Output every record word for word, minus the pictures.

** Data to process follows **

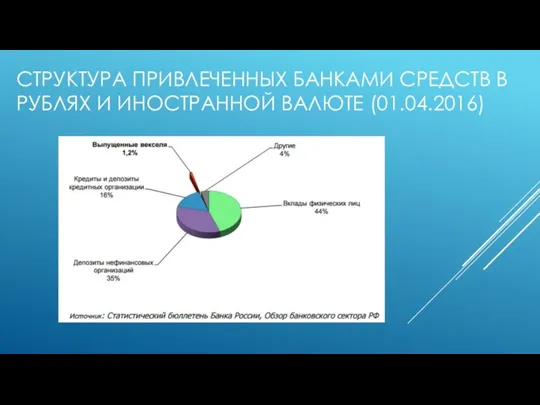 СТРУКТУРА ПРИВЛЕЧЕННЫХ БАНКАМИ СРЕДСТВ В РУБЛЯХ И ИНОСТРАННОЙ ВАЛЮТЕ (01.04.2016)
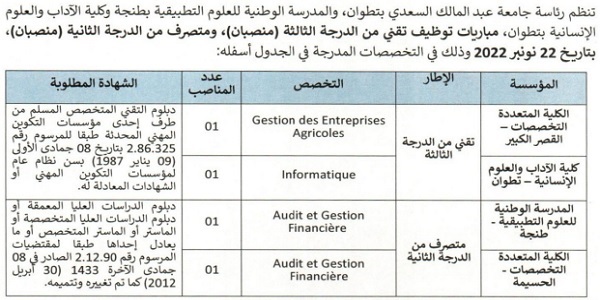 للشباب الحاصلين على دبلوم ISTA.. كونكورات جداد في جامعة عبد المالك السعدي تطوان آخر أجل 14 نونبر 2022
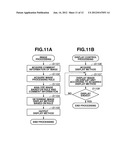 IMAGE PROCESSING APPARATUS, IMAGE PROCESSING METHOD, AND PROGRAM diagram and image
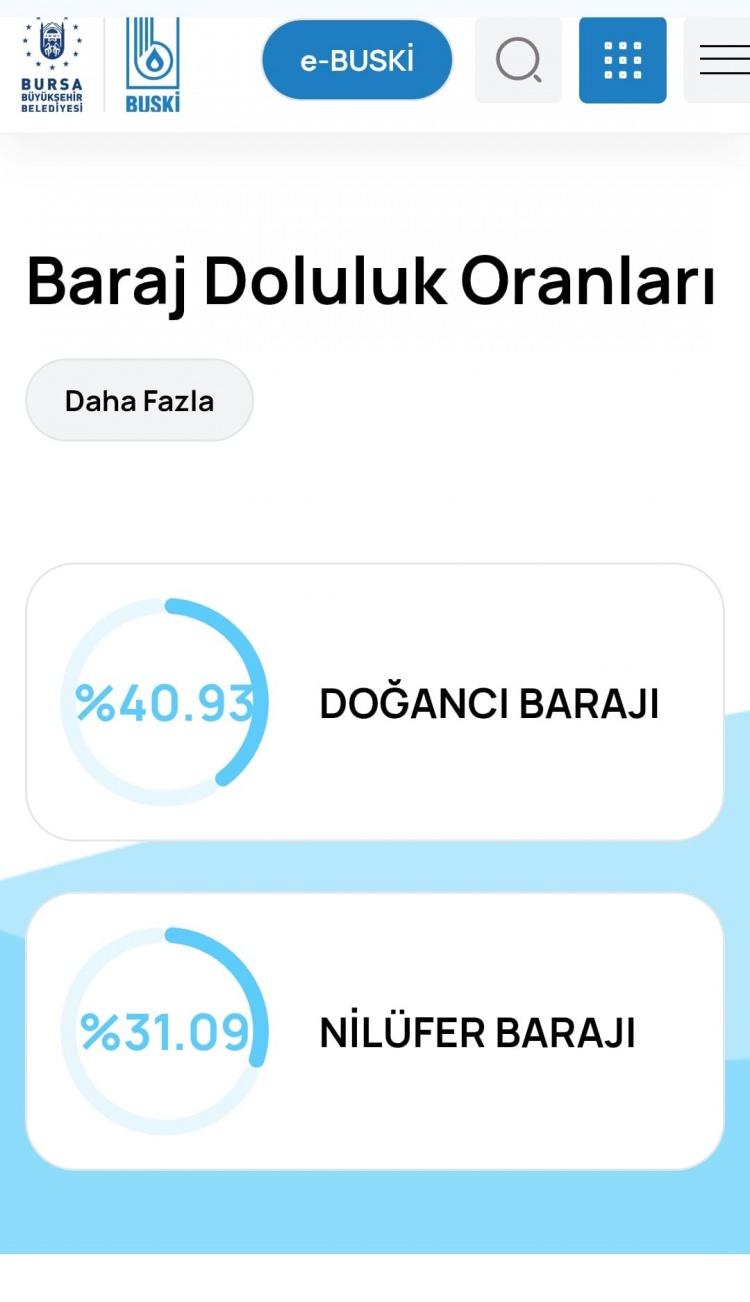 <p><strong>"Bursalı hemşehrilerimden ricam, bahçelerini içme suyuyla sulamasınlar. Su kullanımlarını azaltmamız gerekiyor. İhtiyacımız olmayan yerlerde su harcamayalım. Çeşmeleri açık bırakmamamız gerekiyor" </strong></p>
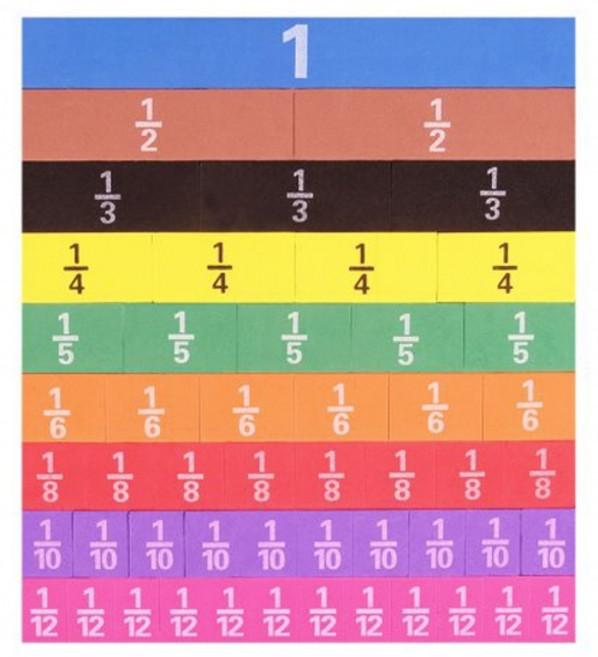 마그네틱 수학분수 교구 KTS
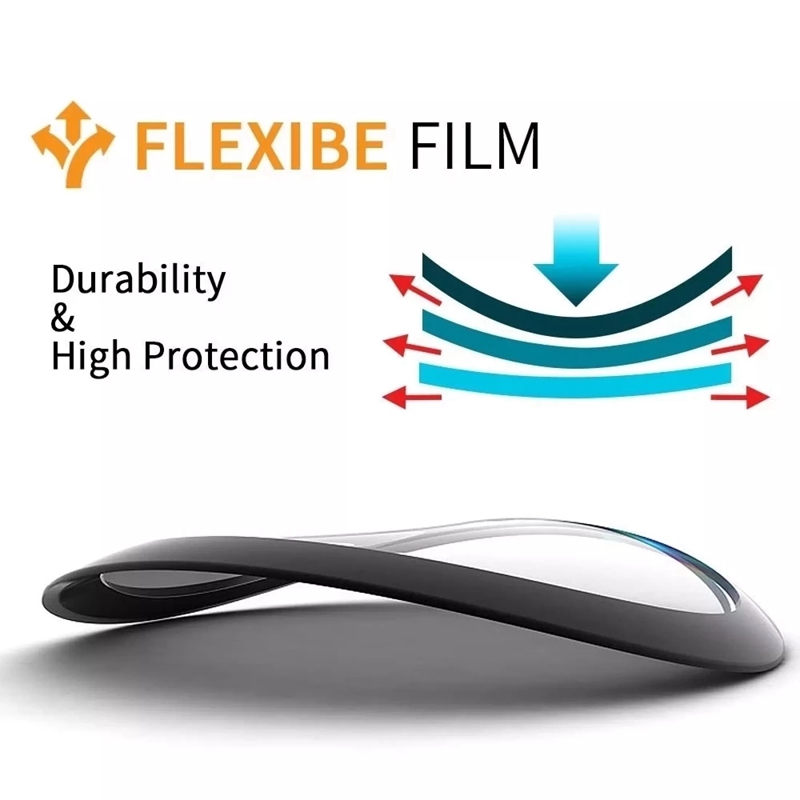 Film Pelindung 3D untuk Jam Ta - Watch Face Protector ulasan dan harga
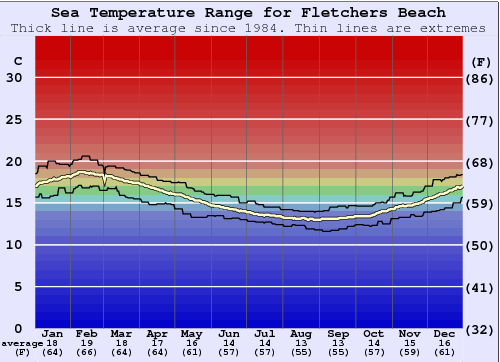 Fletchers Beach Zeewatertemperatuur Grafiek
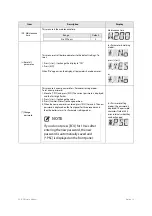 Preview for 54 page of Navien NCB-24LSWE Service Manual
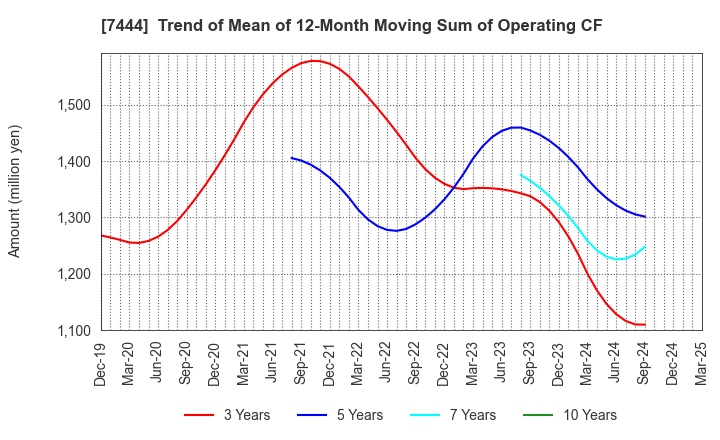 7444 Harima-Kyowa Co.,LTD.: Trend of Mean of 12-Month Moving Sum of Operating CF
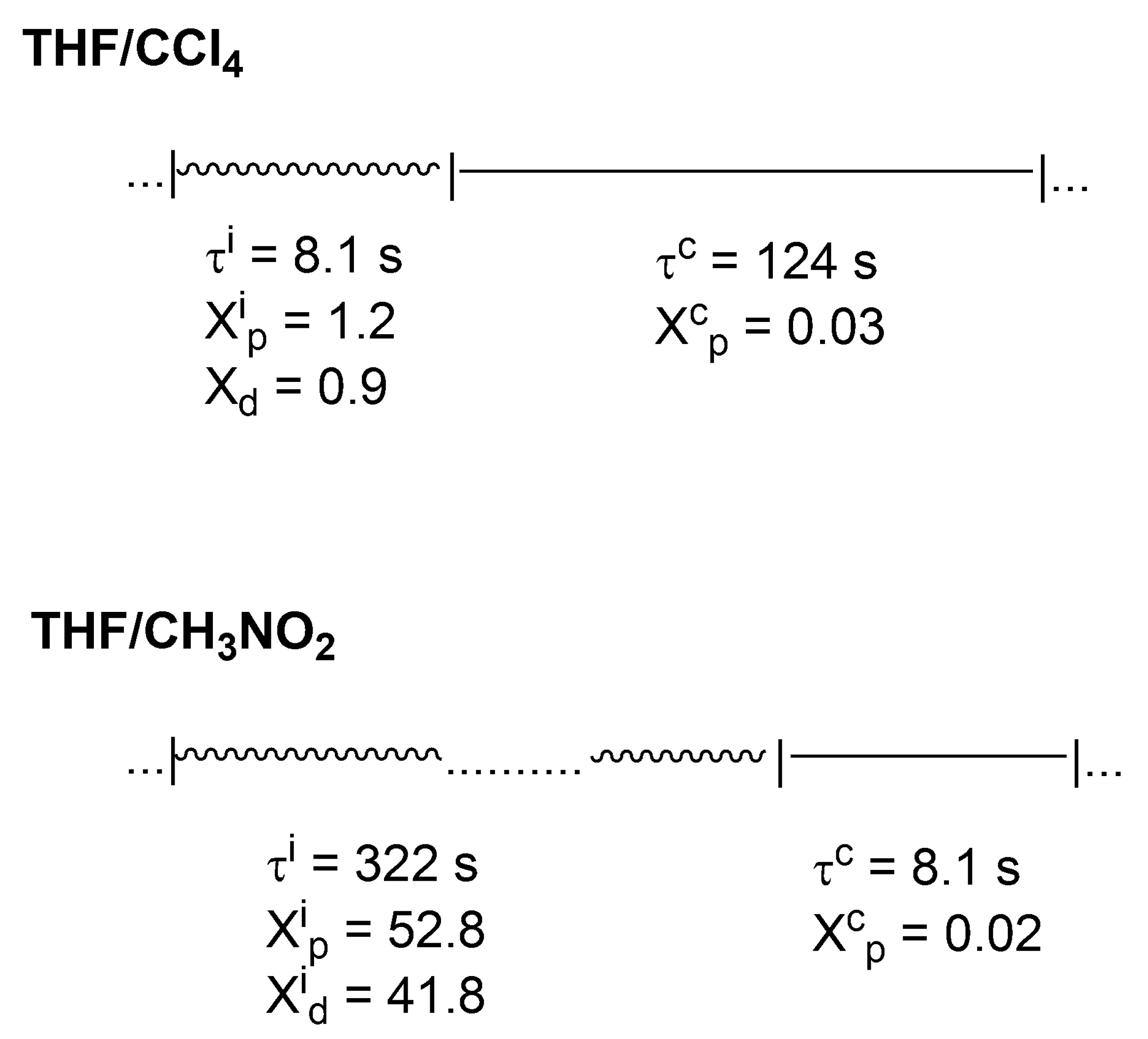 Polymers 09 00646 sch007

** End of Data to process **

— Solution to this problem —
 СТРУКТУРА ПРИВЛЕЧЕННЫХ БАНКАМИ СРЕДСТВ В РУБЛЯХ И ИНОСТРАННОЙ ВАЛЮТЕ (01.04.2016)
 للشباب الحاصلين على دبلوم ISTA.. كونكورات جداد في جامعة عبد المالك السعدي تطوان آخر أجل 14 نونبر 2022
 IMAGE PROCESSING APPARATUS, IMAGE PROCESSING METHOD, AND PROGRAM diagram and image
 <p><strong>"Bursalı hemşehrilerimden ricam, bahçelerini içme suyuyla sulamasınlar. Su kullanımlarını azaltmamız gerekiyor. İhtiyacımız olmayan yerlerde su harcamayalım. Çeşmeleri açık bırakmamamız gerekiyor" </strong></p>
 마그네틱 수학분수 교구 KTS
 Film Pelindung 3D untuk Jam Ta - Watch Face Protector ulasan dan harga
 Fletchers Beach Zeewatertemperatuur Grafiek
 Preview for 54 page of Navien NCB-24LSWE Service Manual
 7444 Harima-Kyowa Co.,LTD.: Trend of Mean of 12-Month Moving Sum of Operating CF
 Polymers 09 00646 sch007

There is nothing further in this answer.